**Task instructions**
Print nothing but the lines below starting at the line that holds "grey zero, that" and ending at the line that holds "MA license plate 157BT4", including both, each exactly as written.

**Given records**
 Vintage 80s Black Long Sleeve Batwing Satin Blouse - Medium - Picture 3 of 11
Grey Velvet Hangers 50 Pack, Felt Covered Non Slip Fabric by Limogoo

---

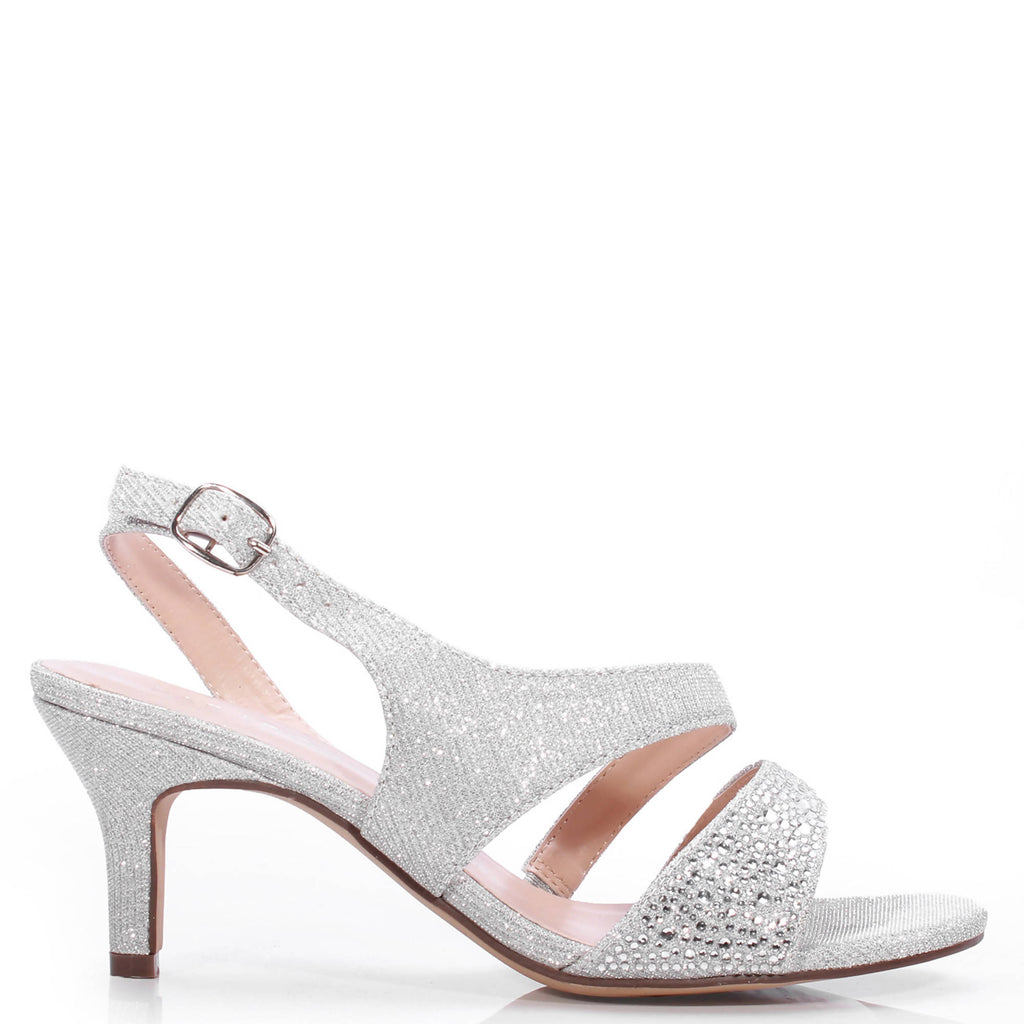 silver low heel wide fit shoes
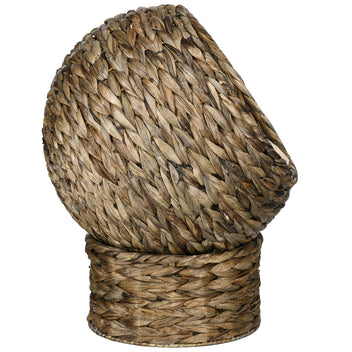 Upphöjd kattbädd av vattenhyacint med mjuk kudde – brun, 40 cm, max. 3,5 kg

* * *

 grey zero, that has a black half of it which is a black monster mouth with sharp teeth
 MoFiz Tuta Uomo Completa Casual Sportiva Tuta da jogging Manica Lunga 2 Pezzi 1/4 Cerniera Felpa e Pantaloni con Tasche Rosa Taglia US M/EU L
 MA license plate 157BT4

**Exercise output**
 grey zero, that has a black half of it which is a black monster mouth with sharp teeth
 MoFiz Tuta Uomo Completa Casual Sportiva Tuta da jogging Manica Lunga 2 Pezzi 1/4 Cerniera Felpa e Pantaloni con Tasche Rosa Taglia US M/EU L
 MA license plate 157BT4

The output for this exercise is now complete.